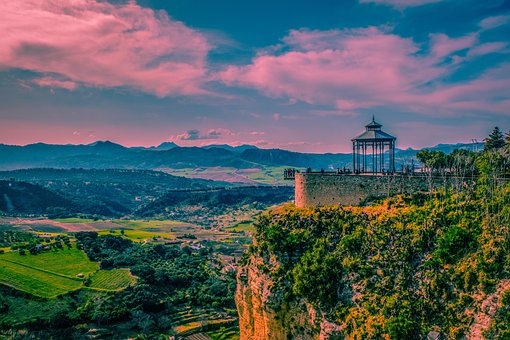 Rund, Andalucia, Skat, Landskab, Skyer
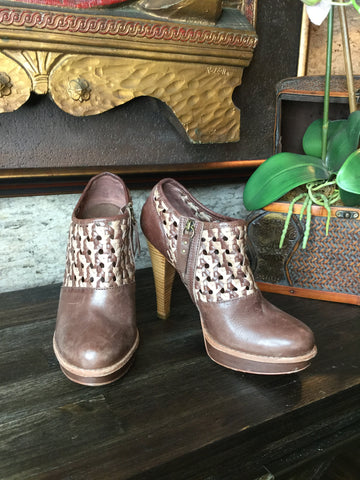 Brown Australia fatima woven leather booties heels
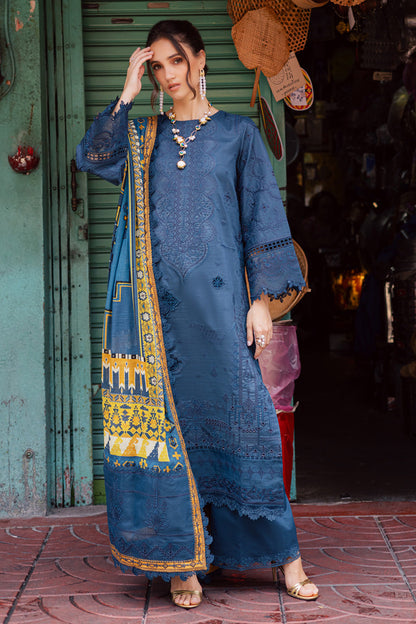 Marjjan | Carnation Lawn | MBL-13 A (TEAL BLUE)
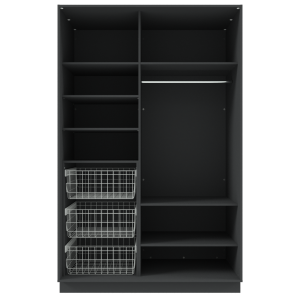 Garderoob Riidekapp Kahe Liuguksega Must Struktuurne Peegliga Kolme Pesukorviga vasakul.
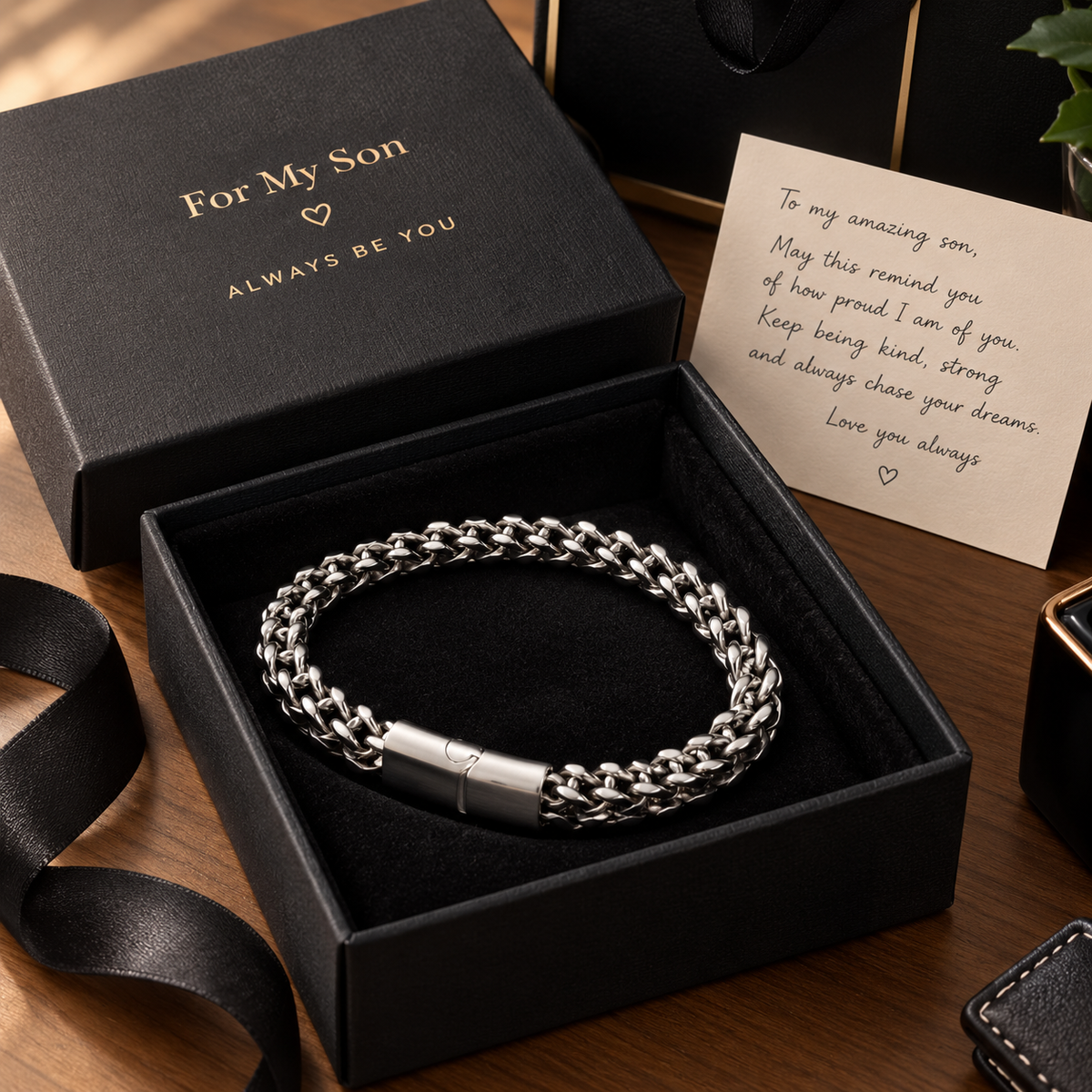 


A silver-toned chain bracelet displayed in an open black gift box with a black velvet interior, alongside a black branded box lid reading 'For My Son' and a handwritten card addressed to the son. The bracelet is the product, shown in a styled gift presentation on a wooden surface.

######

WHAT IS REQUIRED >> Leave the pictures out, and copy exactly each line from the one containing "Brown Australia fatima" through the final line of the data.

EXPECTED OUTPUT >>
 Brown Australia fatima woven leather booties heels
 Marjjan | Carnation Lawn | MBL-13 A (TEAL BLUE)
 Garderoob Riidekapp Kahe Liuguksega Must Struktuurne Peegliga Kolme Pesukorviga vasakul.


A silver-toned chain bracelet displayed in an open black gift box with a black velvet interior, alongside a black branded box lid reading 'For My Son' and a handwritten card addressed to the son. The bracelet is the product, shown in a styled gift presentation on a wooden surface.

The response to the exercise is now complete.